Related Work & Insights¶
- vs S1 (Budget Forcing): S1 relies on inserting special tokens throughout the trajectory to force length limits, often leading to incomplete solutions and significant performance drops. This paper uses separate budgeting to mechanismally preserve the solution segment and trains the model to adapt to truncation, resulting in much better stability.
- vs L1 (Length control via RL): L1 imposes explicit length constraints on the entire trajectory, requires length instructions in prompts, and is expensive to train (700~820 steps). This paper does not require length instructions in prompts, generalizes to any budget with only 200 steps of training at a single fixed budget, achieves comparable accuracy to L1-Max, and has much lower training costs.

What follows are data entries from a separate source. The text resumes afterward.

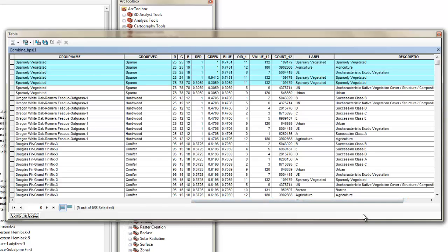Notice that there are now some duplicate fields in your table, such as multiple object ID and value fields, as well as the red, green, and blue color fields from both input grids. You may want to delete the unnecessary fields by going into the Data Management Tools in the Toolbox and selecting Fields, Delete Field.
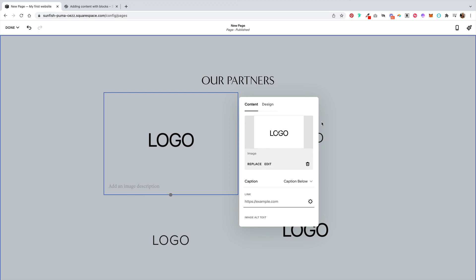So as you can see, there are several ways you can add collection items in Squarespace depending on your need and use case.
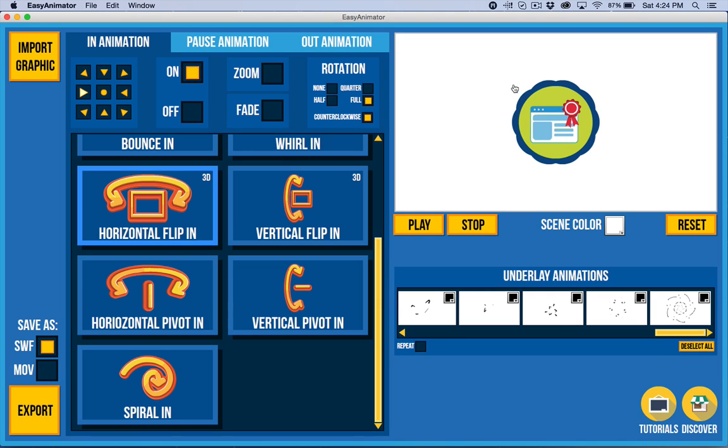But the main thing here is the ability to animate multiple objects together and get a much richer, cooler effect. So that's coming as soon as possible and stay tuned for that. In the meantime, I hope you get a lot out of easy animator 1.2.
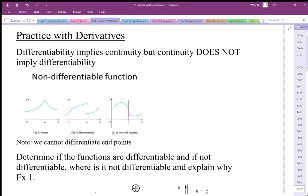Differentiability and continuity do not necessarily imply each other. Differentiability does imply continuity, but continuity does not imply differentiability. The issue is smoothness — differentiability requires a function to be both smooth and continuous. So if a function is not smooth, although it may be continuous, it is not differentiable.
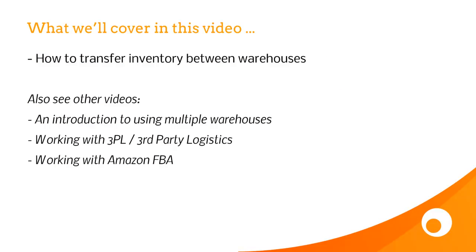It's also worth having a look at some of our other videos in the Multi-Warehouse series: an introduction to using multiple warehouses, working with third-party logistics, and working with Amazon FBA.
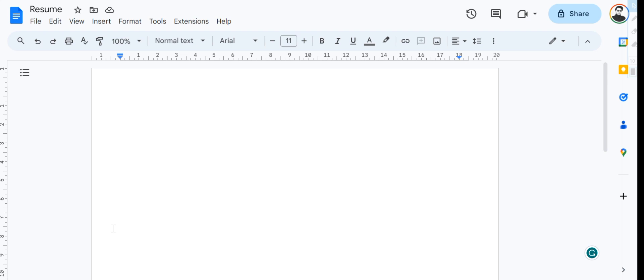When using this feature, it is important that you use a high quality microphone and sit in a quiet place for Google Docs to recognize your speech better. So let's take a look at how you can use this feature.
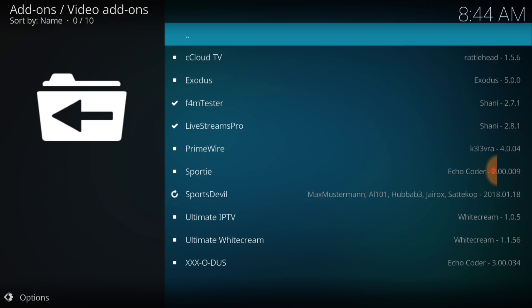These are all of the Kodi Bay add-ons that it is maintaining. CC Cloud, Exodus, Prime Wire, Sporty, Ultimate IPTV, Ultimate White Cream, and XX Exodus. Thorough tests have been run on these and have pretty much said that these are okay to use.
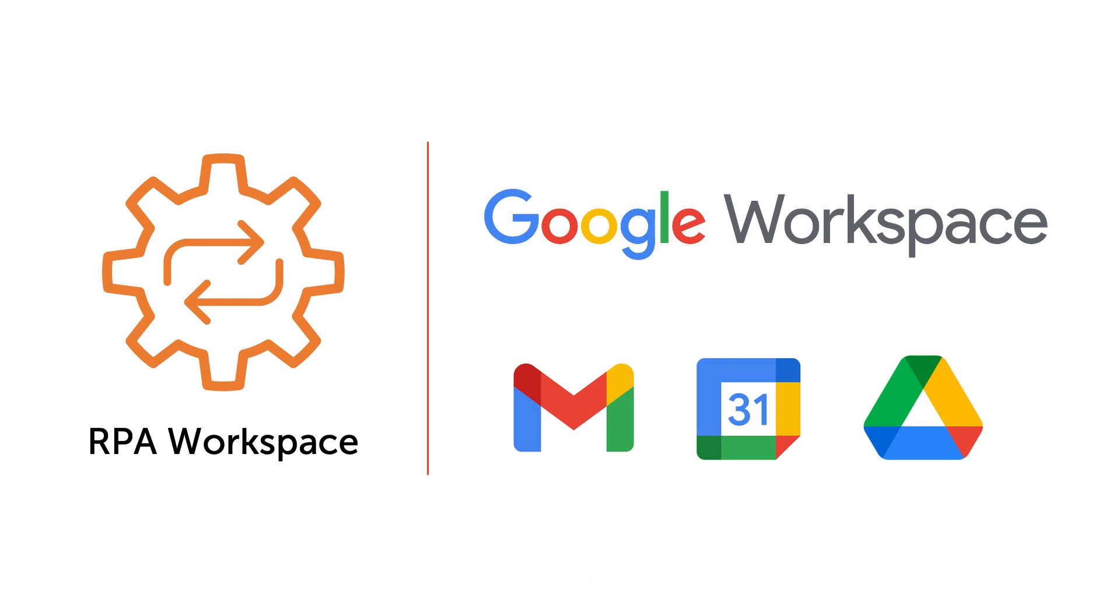Automation Anywhere introduces integration with RPA Workspace and Google Workspace. This integration allows users to automate a variety of workflows using Google Workspace applications including Google Drive, Google Sheets, and Google Calendar.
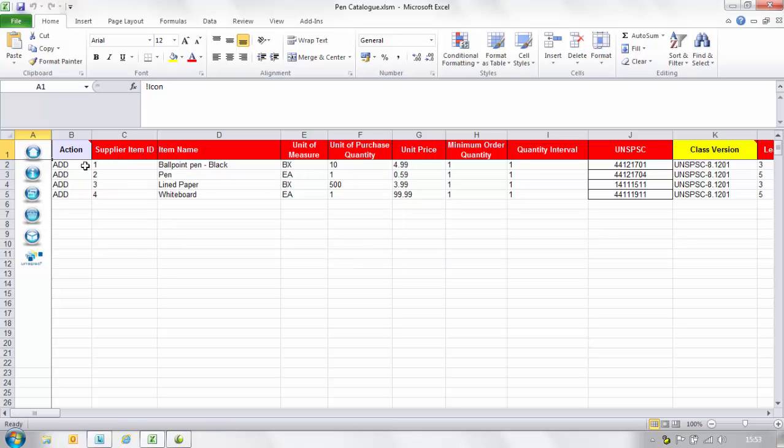The first column is titled action. In this column you should enter add as you are creating a product within your catalogue.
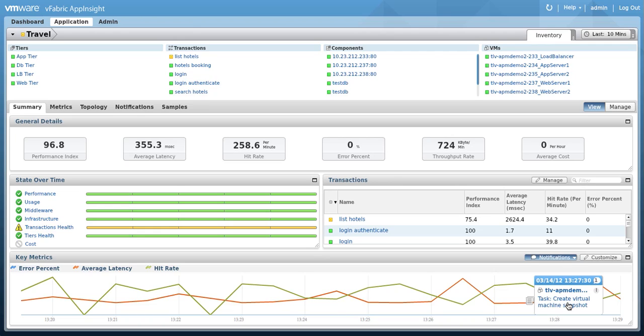This is great data to have to identify if any tasks performed in vCenter may have impacted the performance of the application.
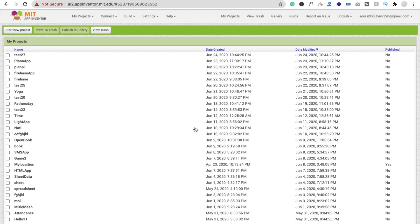Hi guys, this is Saurav. In this video, we will create one casino game in MIT App Inventor.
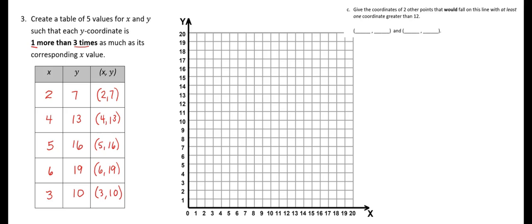Now we're going to plot these points on the grid. First off, I'm going to do two, seven — over two, up seven. Then 4, 13 — over four, up 13. And 5, 16 — over five, up 16. Then 6, 19 — over six, up 19. And then 3, 10 — over three and up 10. And now we will connect these points with a line.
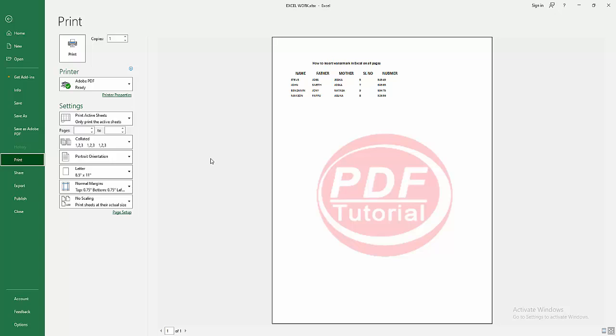Now we can see we inserted a watermark in Excel on all pages very easily. I hope you enjoyed my video. Please like, comment, share and subscribe to my channel. Thanks for watching.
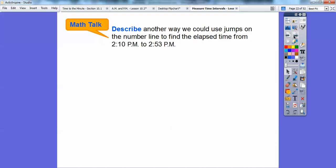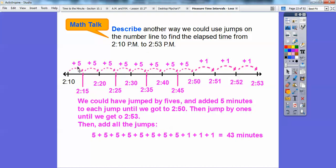Describe another way we could use jumps on the number line to find the elapsed time from 2:10 to 2:53. Well, we didn't have to jump by 10s — we could have jumped by 5s until we got to 2:50 and then by 1s. So: 2:10 plus 5 is 2:15, 2:20, 2:25, 2:30, 2:35, 2:40, 2:45, 2:50 — then count by 1s: 1, 2, 3. Adding those up: 5, 10, 15, 20, 25, 30, 35, 40, 41, 42, 43. We still get 43 minutes.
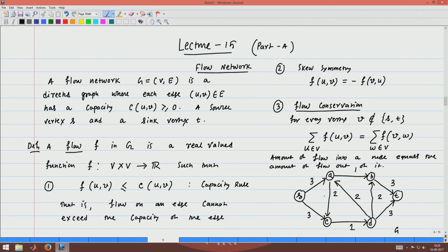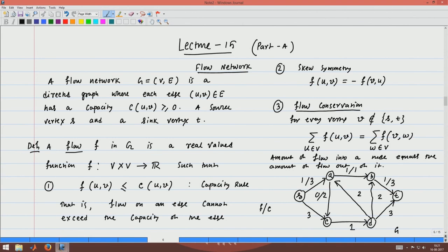Let me assign flow values. The notation I will follow is flow/capacity. Along S to A I send 1 unit of flow, along A to B I send 1 unit, along A to C I send 0 units. Along S to C I send 1 unit, along C to D I send 1 unit, along D to T I send 1 unit. The D to A edge has capacity 2 — I send 0 units of flow. D to B I send 0 units.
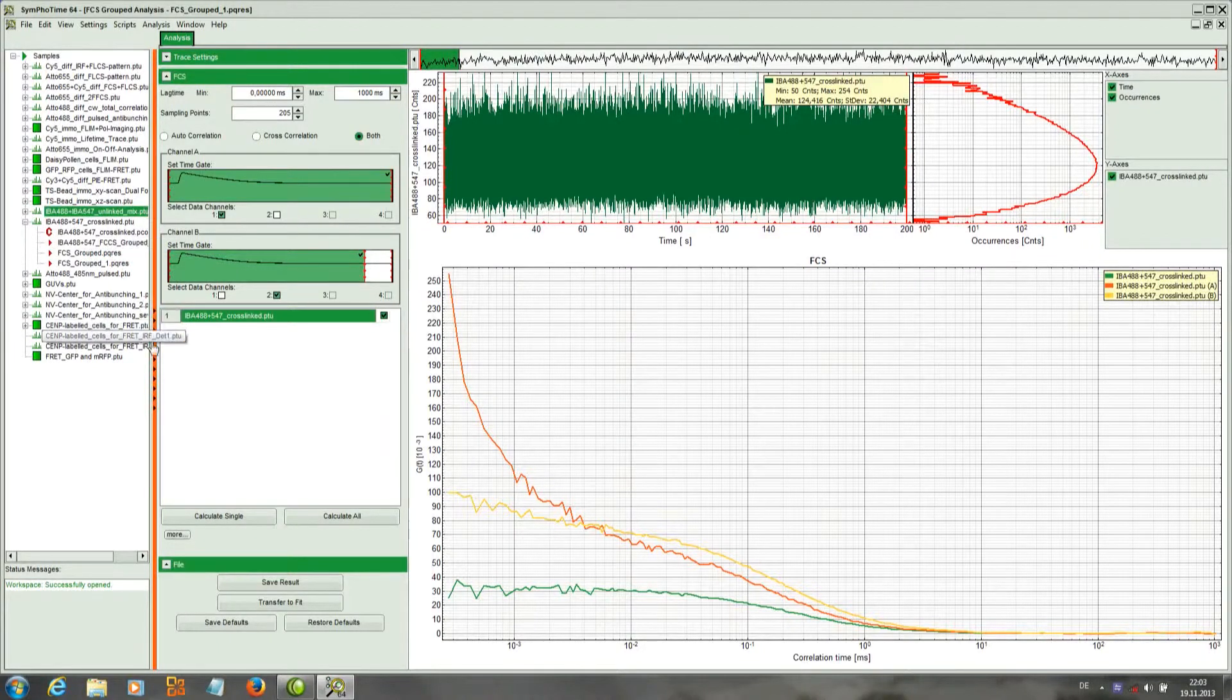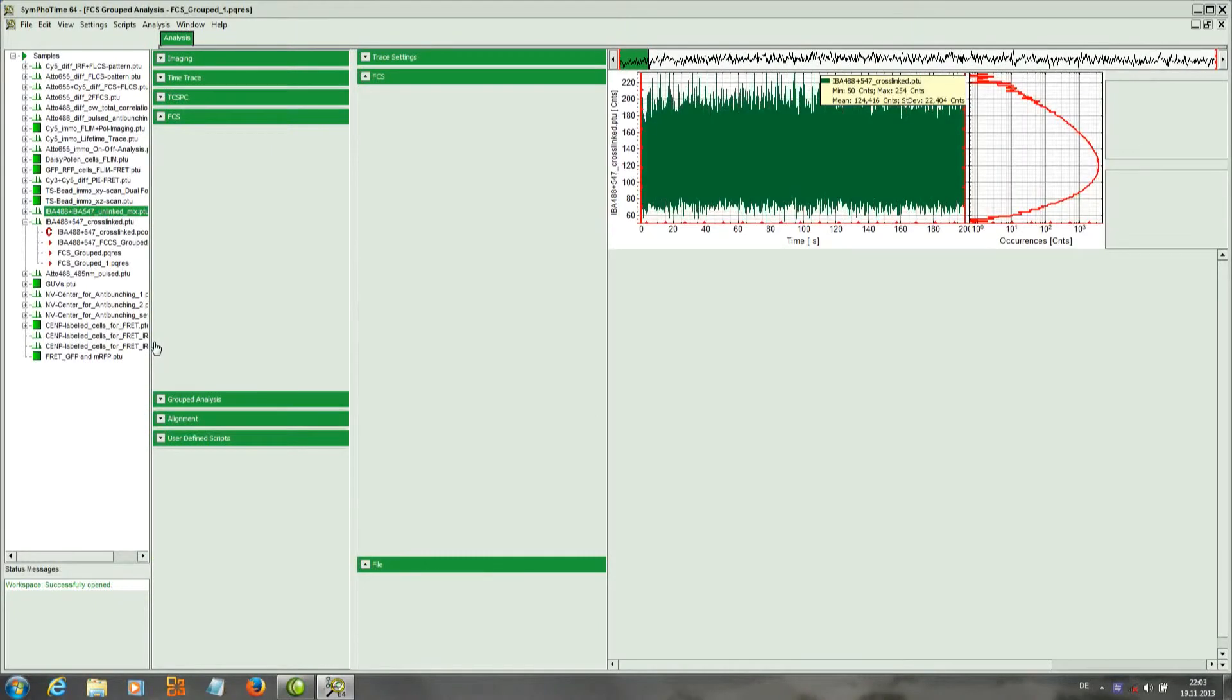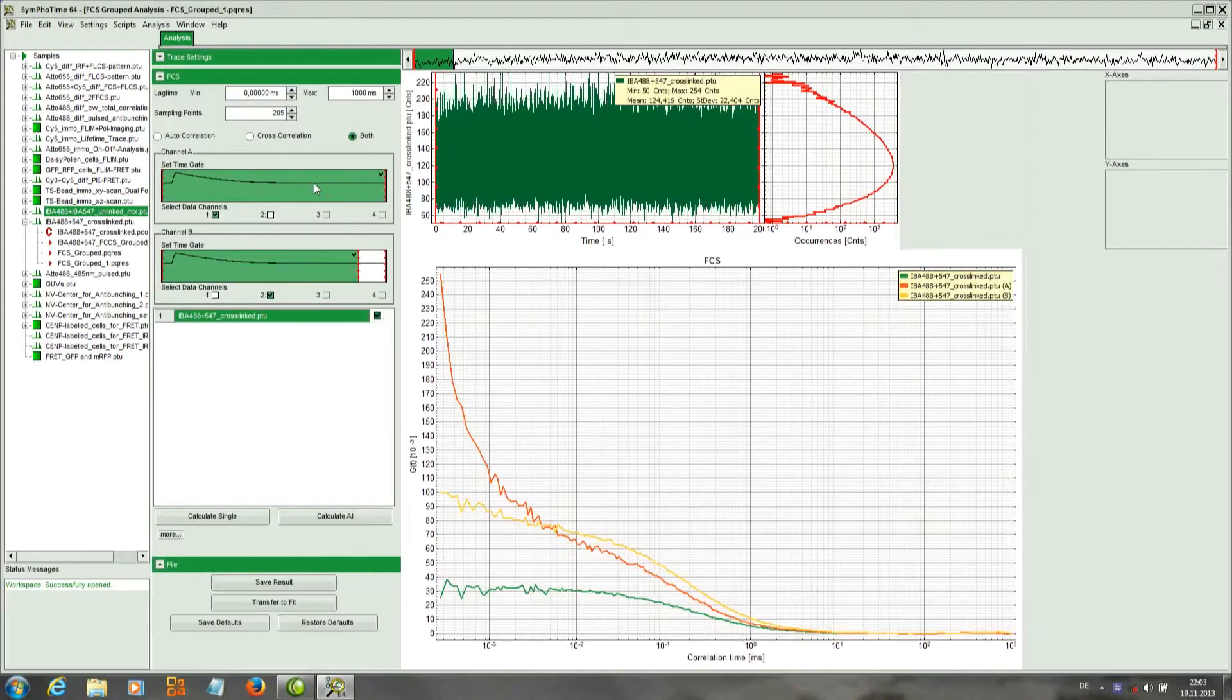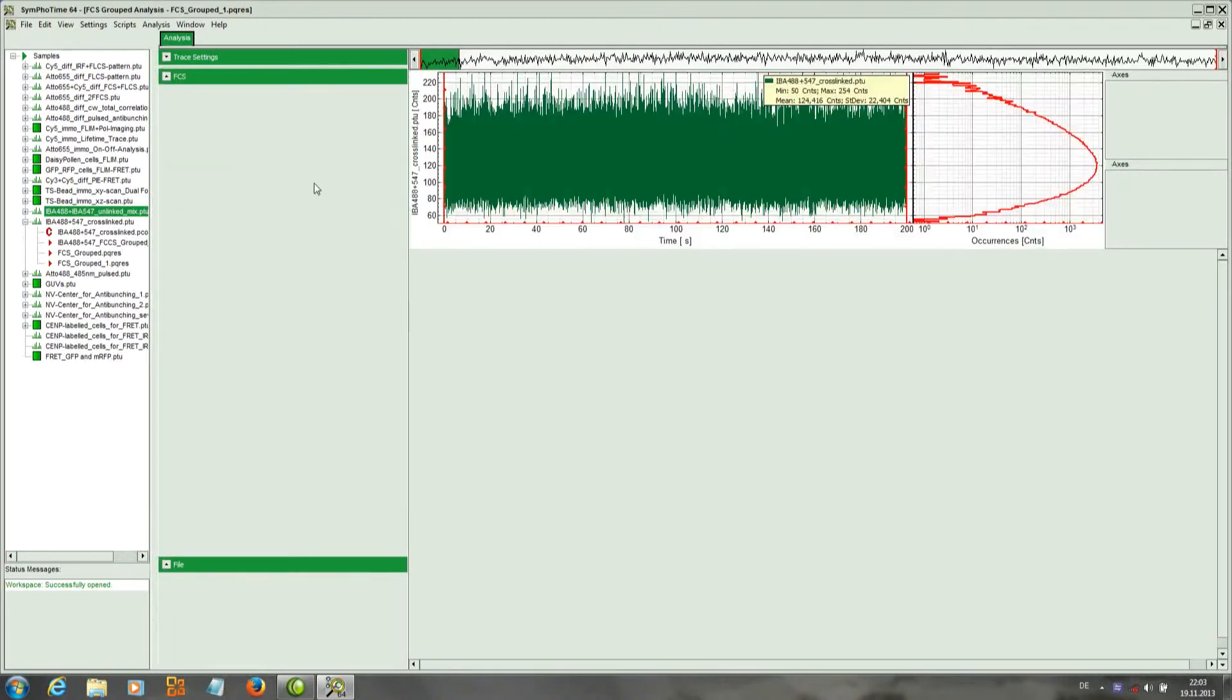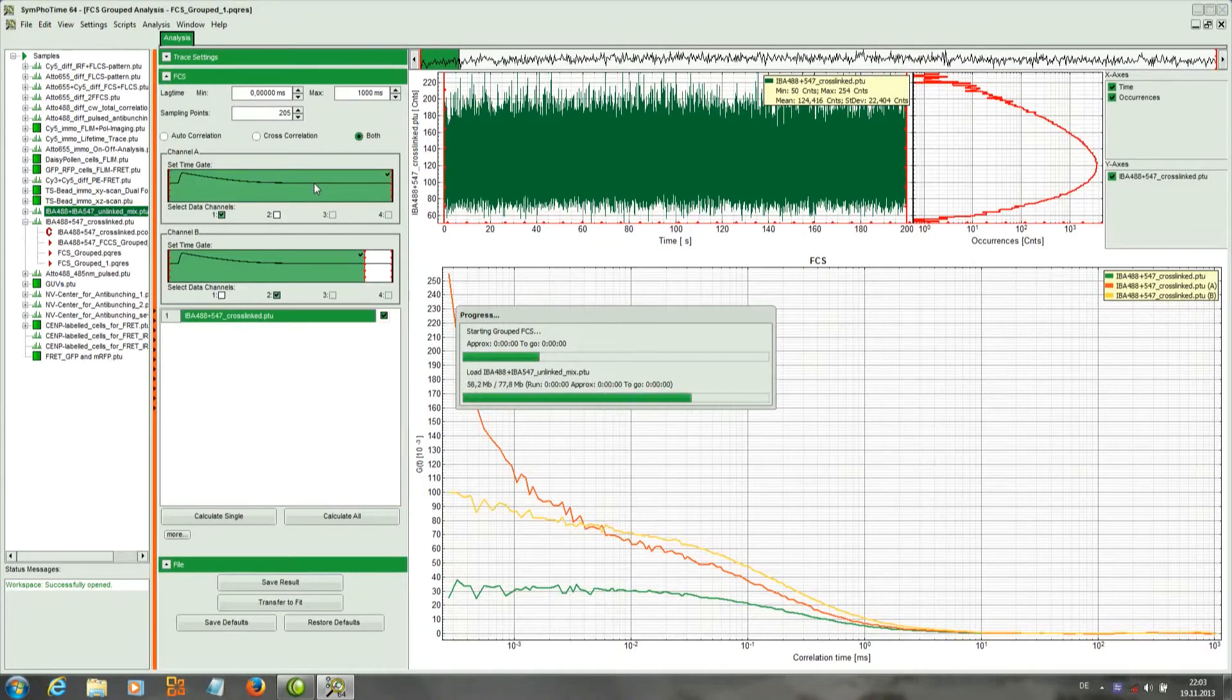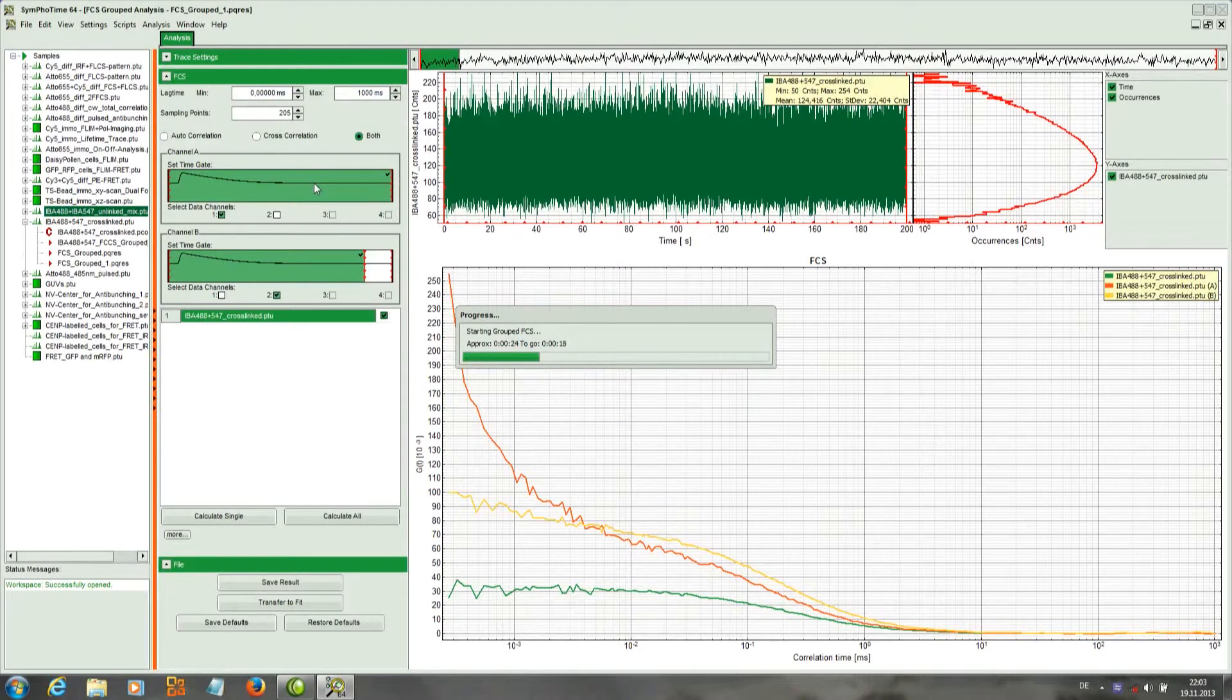We open another file again with the grouped FCS script. This second file contains the same dyes, but now on two different oligonucleotides. They are not cross-linked, they are moving in an uncoordinated fashion.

- vs Long2Short / Efficient Reasoning routes: These methods use trajectory penalties or compression fine-tuning to shorten chains but cannot achieve precise user-specified lengths. This paper provides a controllable mechanism precisely aligned with compute budgets without needing separate training for different budgets.
Rating¶
- Novelty: ⭐⭐⭐⭐ The combination of "thought/solution separate budgeting + training-simulated truncation" is simple but addresses the core pain point of length control.
- Experimental Thoroughness: ⭐⭐⭐⭐ Covered dual domains (math + code), multiple benchmarks, quantified training cost and token efficiency, and provided clear ablations.
- Writing Quality: ⭐⭐⭐⭐⭐ The logical chain of motivation—observation—method is clean, and charts directly address the core issues.
- Value: ⭐⭐⭐⭐⭐ Extremely low training cost, plug-and-play, and makes reasoning more concise as a bonus; highly practical for real-world deployment budget constraints.